=== WHAT YOU NEED TO DO ===
The lines needed run from the one that contains "T-shirt in jersey elasticizzato stampato T-shirt" through the end of the material below, both included; write them out exactly, with no pictures.

=== PROVIDED DATA ===
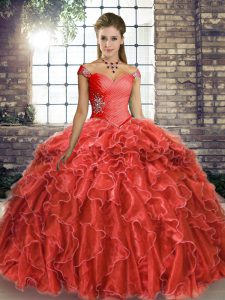 Fantastic Sleeveless Beading and Ruffles Lace Up Quinceanera Dress with Coral Red Brush Train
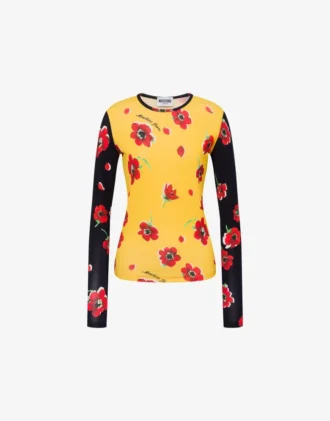 T-shirt in jersey elasticizzato stampato T-shirt in jersey elasticizzato stampato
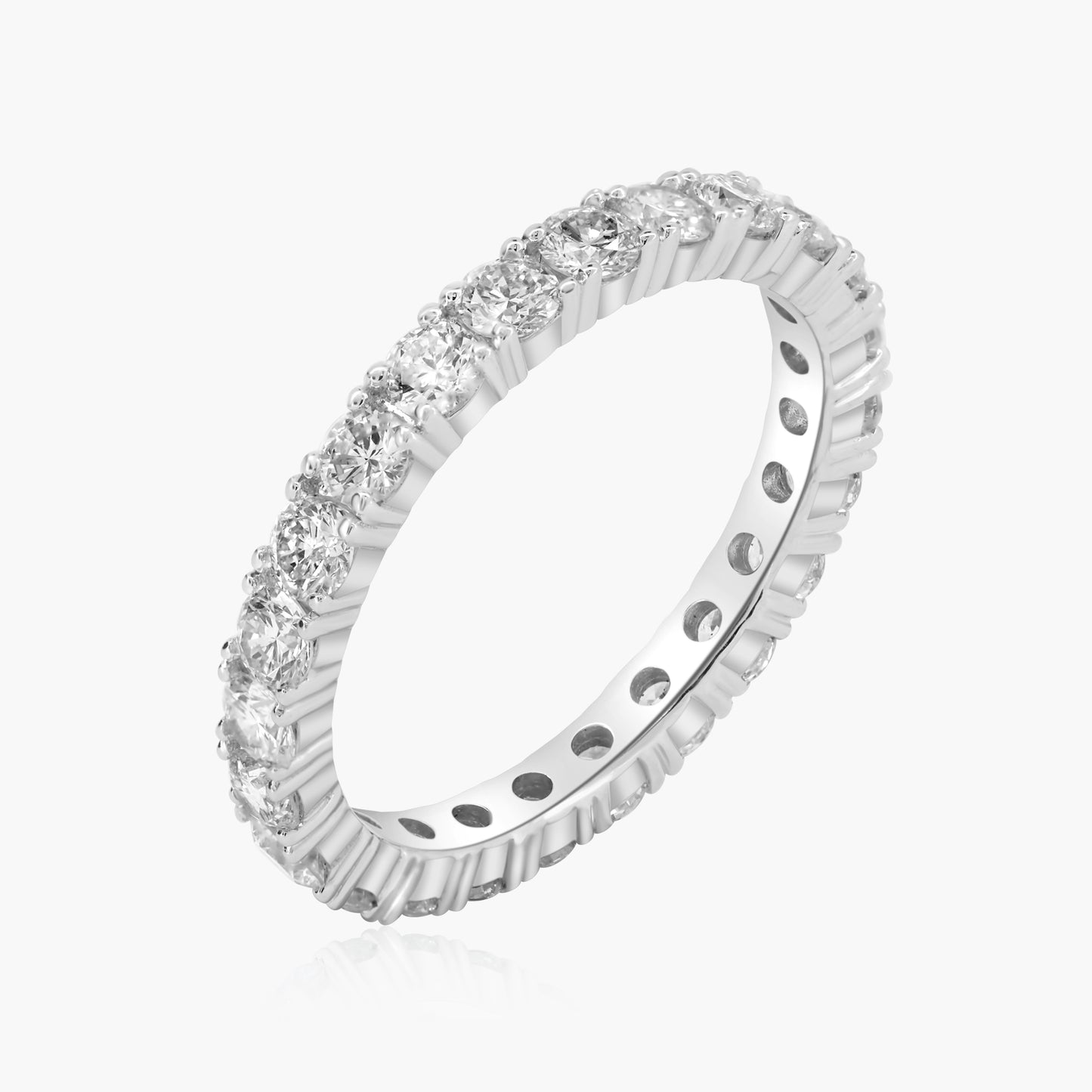 14K White Gold Round Diamond Eternity Band-R05760RY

=== ANSWER SECTION ===
 T-shirt in jersey elasticizzato stampato T-shirt in jersey elasticizzato stampato
 14K White Gold Round Diamond Eternity Band-R05760RY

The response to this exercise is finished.